=== Requirement ===
Copy, from the data below, every line that has "Shirt" in it.

Segment Start: Given information

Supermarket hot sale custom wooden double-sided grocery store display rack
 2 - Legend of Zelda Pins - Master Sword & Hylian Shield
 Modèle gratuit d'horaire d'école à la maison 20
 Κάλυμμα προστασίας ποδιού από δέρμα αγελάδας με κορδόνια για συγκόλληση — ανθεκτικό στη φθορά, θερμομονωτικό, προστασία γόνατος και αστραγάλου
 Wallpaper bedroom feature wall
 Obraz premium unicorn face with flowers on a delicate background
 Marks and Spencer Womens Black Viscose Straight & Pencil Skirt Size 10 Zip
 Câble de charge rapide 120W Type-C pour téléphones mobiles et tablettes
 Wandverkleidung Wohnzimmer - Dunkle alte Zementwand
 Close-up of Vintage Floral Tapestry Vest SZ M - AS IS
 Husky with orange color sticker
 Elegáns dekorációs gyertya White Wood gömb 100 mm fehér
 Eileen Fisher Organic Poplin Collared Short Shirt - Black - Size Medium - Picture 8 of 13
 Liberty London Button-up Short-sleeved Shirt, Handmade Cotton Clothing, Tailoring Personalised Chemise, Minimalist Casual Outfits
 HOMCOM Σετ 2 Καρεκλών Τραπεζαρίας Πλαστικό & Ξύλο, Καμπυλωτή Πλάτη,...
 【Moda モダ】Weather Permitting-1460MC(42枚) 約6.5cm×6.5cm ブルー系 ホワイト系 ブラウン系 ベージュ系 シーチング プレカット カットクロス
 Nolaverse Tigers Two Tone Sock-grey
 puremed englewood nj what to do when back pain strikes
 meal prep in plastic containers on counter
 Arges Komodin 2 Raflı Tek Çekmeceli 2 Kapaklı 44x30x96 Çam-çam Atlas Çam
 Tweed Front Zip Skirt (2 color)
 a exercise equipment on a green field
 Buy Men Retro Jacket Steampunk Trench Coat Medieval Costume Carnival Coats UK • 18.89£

Segment End: Given information

=== Solution to the exercise ===
 Eileen Fisher Organic Poplin Collared Short Shirt - Black - Size Medium - Picture 8 of 13
 Liberty London Button-up Short-sleeved Shirt, Handmade Cotton Clothing, Tailoring Personalised Chemise, Minimalist Casual Outfits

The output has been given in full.